In questo senso una rivoluzione a cui il sindaco sta pensando - e per ora è solo una ipotesi in costruzione - è quella di aprire questi siti a un partenariato pubblico-privato dove il pubblico mantiene le sue prerogative di titolare del sito e i privati - come accade in molte parti d'Europa - in co-partecipazione. Un contesto al quale potrebbero essere interessati anche gli sponsor. Del resto il Maschio Angioino e il Castel dell'Ovo sono famosi in tutto il mondo. E Napoli è a livello turistico una meta ambitissima negli ultimi anni. Manfredi sta valutando la possibilità di un bando, perché se l'operazione del partenariato dovesse essere messa in campo passerebbe obbligatoriamente per un bando pubblico: è l'unica certezza. Nessun affidamento diretto, ma un bando pubblico come prevede la legge. Una scelta politica. Insomma aprire il mondo della cultura a investimenti privati di qualità. Ma per attirare eventuali partner bisogna che i siti siano restaurati, resi funzionali, accoglienti. Sono decenni - per esempio - che non si fanno lavori al Maschio Angioino. Dove nei cassetti del Comune esistono progetti di restauro ma sono rimasti solo su carta per mancanza di soldi.
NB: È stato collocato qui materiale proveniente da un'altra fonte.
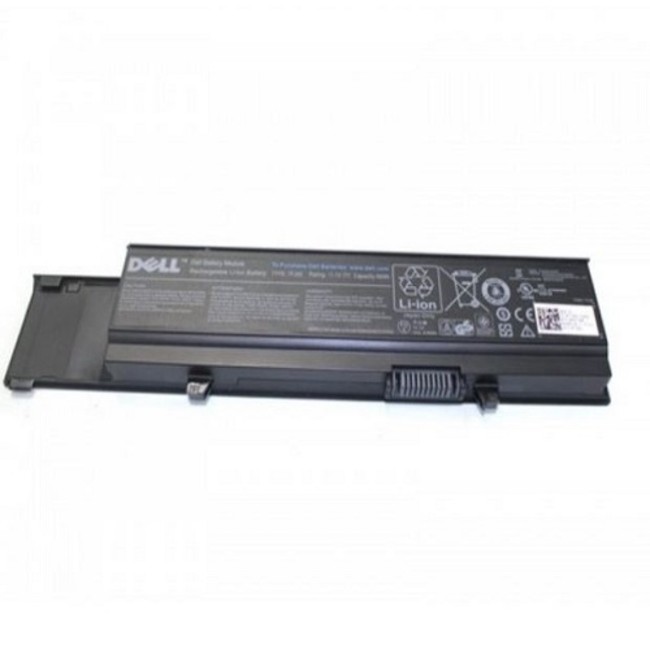 باتری 6 سلولی لپ تاپ دل وسترو 3400-3500:-Dell Vostro 3400-3500 6Cell Laptop Battery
L'esempio più palese è quello del Maschio Angioino, un sito enorme, pieno di misteri, di segreti e di stanze in grandissima parte chiuse al pubblico. La giunta Manfredi un primo segnale lo ha dato approvando due delibere il 30 dicembre dell'anno scorso che portano la firma dell'assessore all'Urbanistica Laura Lieto.

La prima dal valore di 4,5 milioni di euro è per il Maschio Angioino per avviare un progetto di fattibilità del restauro e potenziamento degli allestimenti del castello.

La seconda, dal valore di ben 8 milioni di euro, per il progetto di fattibilità tecnica ed economica della riqualificazione e valorizzazione di Castel dell'Ovo.